- Your instructions
Give every line of the listing word for word, beginning at the first and including the line with "TRENDYOL MAN Lila" as the last.

- Records

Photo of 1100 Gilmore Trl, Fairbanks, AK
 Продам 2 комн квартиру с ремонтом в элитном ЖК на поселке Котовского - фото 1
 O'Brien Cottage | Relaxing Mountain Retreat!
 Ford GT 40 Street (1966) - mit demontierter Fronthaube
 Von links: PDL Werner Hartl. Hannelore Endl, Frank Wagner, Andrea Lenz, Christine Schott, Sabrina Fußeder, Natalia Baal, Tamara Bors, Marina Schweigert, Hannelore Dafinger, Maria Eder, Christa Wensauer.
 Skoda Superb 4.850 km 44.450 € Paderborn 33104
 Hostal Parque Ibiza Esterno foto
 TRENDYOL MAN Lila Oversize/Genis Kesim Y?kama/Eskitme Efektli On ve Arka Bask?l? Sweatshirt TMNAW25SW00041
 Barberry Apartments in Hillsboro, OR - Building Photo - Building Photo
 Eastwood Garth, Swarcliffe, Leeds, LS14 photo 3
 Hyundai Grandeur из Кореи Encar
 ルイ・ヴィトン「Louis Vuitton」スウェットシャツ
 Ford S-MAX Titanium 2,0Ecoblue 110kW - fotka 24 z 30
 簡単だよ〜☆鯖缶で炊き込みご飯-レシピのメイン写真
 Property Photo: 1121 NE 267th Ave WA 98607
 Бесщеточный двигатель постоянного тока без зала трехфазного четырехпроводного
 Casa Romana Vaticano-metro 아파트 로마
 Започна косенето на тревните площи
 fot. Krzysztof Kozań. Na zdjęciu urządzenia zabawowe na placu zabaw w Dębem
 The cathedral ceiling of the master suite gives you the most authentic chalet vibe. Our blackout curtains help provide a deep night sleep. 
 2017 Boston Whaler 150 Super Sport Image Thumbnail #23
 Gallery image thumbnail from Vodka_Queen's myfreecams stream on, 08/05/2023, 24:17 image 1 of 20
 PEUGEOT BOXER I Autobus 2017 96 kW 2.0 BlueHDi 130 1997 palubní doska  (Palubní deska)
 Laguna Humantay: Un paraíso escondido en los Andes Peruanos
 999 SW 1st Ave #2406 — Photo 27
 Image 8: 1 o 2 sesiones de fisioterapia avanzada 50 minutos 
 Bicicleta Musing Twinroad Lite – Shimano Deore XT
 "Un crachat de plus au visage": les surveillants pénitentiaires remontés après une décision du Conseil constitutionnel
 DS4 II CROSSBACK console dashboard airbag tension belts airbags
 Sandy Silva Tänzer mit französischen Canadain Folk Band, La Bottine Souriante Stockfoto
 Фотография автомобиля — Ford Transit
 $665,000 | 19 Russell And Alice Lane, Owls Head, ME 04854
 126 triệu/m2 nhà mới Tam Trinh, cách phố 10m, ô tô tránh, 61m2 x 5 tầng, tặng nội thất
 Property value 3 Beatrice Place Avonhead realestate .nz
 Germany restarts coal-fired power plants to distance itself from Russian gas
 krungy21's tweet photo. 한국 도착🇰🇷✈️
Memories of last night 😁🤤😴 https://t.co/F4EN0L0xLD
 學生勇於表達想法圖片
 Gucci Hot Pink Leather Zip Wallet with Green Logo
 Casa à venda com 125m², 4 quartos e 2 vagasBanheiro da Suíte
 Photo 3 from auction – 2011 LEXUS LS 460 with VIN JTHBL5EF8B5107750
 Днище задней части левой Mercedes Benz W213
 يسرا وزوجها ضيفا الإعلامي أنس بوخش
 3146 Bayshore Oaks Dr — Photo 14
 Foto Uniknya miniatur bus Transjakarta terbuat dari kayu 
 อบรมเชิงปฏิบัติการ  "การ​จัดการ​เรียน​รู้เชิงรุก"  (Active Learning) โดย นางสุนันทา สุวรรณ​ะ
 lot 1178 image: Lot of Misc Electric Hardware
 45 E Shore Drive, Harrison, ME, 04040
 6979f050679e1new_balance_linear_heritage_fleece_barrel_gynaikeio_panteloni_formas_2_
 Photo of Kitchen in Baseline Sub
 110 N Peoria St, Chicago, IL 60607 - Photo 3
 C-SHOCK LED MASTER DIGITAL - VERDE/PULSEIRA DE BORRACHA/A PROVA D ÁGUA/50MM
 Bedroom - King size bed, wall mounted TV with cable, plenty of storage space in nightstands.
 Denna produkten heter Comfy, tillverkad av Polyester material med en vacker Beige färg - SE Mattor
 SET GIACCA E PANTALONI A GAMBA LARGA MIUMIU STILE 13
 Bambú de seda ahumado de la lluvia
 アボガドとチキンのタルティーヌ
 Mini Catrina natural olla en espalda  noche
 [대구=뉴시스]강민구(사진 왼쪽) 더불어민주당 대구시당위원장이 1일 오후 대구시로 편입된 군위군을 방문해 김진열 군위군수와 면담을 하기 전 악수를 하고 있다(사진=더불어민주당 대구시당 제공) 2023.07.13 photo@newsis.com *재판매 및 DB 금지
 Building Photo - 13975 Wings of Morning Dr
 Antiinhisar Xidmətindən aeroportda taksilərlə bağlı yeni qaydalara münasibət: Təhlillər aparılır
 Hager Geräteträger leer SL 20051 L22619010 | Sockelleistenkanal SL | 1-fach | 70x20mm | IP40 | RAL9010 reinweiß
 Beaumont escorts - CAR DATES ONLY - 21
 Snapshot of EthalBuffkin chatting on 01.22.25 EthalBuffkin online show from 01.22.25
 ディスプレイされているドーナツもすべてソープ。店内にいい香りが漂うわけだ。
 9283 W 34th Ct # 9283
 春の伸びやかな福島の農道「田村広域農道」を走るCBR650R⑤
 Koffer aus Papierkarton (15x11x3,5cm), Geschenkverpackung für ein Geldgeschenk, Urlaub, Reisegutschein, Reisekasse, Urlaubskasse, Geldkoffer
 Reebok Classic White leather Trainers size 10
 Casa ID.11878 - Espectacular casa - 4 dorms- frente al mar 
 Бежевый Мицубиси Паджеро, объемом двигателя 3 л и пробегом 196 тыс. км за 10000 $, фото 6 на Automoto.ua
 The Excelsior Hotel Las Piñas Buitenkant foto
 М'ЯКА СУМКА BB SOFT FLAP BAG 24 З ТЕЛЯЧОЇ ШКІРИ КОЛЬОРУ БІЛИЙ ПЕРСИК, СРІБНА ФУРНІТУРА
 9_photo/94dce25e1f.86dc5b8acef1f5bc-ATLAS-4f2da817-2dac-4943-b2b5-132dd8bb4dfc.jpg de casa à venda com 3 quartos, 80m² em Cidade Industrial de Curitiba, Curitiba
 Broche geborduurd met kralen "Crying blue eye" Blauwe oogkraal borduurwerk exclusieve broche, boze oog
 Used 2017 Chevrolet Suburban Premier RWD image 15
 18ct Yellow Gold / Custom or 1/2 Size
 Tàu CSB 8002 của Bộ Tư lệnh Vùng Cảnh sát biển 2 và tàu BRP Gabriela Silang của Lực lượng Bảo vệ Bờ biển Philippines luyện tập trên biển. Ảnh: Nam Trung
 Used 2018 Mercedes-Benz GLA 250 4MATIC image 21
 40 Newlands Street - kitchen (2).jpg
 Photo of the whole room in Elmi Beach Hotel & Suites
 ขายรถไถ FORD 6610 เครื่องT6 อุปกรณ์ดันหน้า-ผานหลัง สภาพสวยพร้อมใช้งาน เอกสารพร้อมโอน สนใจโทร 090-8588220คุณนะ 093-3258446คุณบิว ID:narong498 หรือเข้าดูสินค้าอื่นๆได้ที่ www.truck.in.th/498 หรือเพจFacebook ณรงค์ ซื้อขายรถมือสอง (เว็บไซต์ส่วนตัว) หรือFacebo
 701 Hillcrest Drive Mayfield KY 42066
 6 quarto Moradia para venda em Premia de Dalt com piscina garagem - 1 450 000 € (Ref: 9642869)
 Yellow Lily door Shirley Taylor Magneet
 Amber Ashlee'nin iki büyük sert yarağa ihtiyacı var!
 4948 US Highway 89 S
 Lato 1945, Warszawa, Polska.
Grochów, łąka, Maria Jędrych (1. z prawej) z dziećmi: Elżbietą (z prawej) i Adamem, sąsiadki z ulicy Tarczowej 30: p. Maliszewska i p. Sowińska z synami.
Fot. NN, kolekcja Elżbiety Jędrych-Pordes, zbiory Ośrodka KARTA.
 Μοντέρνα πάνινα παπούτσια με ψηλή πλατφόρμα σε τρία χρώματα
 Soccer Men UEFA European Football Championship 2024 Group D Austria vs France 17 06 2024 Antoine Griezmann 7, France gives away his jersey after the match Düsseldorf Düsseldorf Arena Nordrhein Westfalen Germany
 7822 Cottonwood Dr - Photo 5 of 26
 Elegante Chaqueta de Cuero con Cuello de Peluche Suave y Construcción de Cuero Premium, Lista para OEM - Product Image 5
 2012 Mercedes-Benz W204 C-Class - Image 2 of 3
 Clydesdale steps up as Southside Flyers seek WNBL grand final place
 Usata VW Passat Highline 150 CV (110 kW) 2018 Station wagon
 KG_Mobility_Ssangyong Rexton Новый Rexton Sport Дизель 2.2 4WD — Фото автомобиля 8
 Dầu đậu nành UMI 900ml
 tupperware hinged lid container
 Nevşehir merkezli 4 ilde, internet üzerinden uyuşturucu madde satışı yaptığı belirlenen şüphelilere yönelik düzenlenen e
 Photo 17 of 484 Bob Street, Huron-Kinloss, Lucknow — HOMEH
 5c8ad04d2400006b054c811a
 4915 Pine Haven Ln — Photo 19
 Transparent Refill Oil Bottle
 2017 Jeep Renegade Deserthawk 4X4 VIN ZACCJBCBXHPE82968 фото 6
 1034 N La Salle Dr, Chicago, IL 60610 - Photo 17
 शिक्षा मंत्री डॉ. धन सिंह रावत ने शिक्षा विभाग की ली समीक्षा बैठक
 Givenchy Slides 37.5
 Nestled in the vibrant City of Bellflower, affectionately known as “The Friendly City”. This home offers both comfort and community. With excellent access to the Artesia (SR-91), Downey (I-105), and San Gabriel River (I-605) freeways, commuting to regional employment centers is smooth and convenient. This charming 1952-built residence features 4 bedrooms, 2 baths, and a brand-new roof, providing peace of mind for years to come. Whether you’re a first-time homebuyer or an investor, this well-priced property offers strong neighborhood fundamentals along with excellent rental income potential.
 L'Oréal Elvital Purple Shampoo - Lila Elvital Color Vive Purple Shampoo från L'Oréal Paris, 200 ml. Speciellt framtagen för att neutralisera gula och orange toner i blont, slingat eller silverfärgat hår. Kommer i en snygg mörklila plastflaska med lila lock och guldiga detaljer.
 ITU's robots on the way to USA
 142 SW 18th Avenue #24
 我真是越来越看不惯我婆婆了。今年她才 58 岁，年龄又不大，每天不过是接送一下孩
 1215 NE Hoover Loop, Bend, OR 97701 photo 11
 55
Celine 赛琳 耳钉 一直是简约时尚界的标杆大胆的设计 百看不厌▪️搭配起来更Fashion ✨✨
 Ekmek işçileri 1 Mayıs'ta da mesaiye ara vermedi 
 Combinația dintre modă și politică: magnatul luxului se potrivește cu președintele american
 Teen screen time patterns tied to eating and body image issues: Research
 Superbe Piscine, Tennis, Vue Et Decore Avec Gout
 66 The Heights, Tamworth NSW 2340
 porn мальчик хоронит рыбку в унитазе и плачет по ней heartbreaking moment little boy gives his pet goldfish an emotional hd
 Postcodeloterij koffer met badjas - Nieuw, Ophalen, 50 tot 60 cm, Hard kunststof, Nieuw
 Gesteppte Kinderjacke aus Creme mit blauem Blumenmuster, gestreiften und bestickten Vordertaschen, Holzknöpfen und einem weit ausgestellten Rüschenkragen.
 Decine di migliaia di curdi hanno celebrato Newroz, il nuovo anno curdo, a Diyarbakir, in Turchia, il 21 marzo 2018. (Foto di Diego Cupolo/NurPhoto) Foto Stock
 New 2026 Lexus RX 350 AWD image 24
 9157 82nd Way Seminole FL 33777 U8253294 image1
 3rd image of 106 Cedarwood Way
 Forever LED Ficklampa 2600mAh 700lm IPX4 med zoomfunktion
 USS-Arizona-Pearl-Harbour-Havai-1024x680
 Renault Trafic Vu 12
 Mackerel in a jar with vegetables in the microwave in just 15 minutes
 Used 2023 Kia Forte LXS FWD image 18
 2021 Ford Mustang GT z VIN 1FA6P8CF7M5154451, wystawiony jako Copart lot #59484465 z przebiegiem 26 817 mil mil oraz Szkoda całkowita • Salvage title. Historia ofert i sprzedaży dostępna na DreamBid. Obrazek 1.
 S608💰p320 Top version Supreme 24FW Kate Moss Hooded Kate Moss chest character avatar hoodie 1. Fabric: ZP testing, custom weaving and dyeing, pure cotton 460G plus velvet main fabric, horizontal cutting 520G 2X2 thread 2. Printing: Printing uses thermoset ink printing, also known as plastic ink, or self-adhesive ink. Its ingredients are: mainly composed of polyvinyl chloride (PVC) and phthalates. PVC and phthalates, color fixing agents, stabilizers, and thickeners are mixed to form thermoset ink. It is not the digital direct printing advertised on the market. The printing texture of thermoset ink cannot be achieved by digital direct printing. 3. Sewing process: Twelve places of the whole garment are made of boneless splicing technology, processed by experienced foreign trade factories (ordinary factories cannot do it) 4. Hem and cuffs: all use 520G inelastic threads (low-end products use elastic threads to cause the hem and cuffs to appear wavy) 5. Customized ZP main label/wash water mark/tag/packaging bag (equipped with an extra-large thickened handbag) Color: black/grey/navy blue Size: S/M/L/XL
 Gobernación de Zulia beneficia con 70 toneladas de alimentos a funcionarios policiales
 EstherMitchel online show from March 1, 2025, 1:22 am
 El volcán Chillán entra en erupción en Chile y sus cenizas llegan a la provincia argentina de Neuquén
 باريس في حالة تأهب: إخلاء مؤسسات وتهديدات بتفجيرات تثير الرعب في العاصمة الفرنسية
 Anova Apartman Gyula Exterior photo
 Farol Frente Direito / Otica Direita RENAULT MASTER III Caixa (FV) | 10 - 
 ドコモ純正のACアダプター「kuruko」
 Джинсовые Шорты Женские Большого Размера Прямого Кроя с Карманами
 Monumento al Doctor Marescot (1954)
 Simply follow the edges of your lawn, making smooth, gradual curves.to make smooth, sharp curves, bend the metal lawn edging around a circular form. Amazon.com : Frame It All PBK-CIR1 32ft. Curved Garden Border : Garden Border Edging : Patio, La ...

- Answer for this exercise
Photo of 1100 Gilmore Trl, Fairbanks, AK
 Продам 2 комн квартиру с ремонтом в элитном ЖК на поселке Котовского - фото 1
 O'Brien Cottage | Relaxing Mountain Retreat!
 Ford GT 40 Street (1966) - mit demontierter Fronthaube
 Von links: PDL Werner Hartl. Hannelore Endl, Frank Wagner, Andrea Lenz, Christine Schott, Sabrina Fußeder, Natalia Baal, Tamara Bors, Marina Schweigert, Hannelore Dafinger, Maria Eder, Christa Wensauer.
 Skoda Superb 4.850 km 44.450 € Paderborn 33104
 Hostal Parque Ibiza Esterno foto
 TRENDYOL MAN Lila Oversize/Genis Kesim Y?kama/Eskitme Efektli On ve Arka Bask?l? Sweatshirt TMNAW25SW00041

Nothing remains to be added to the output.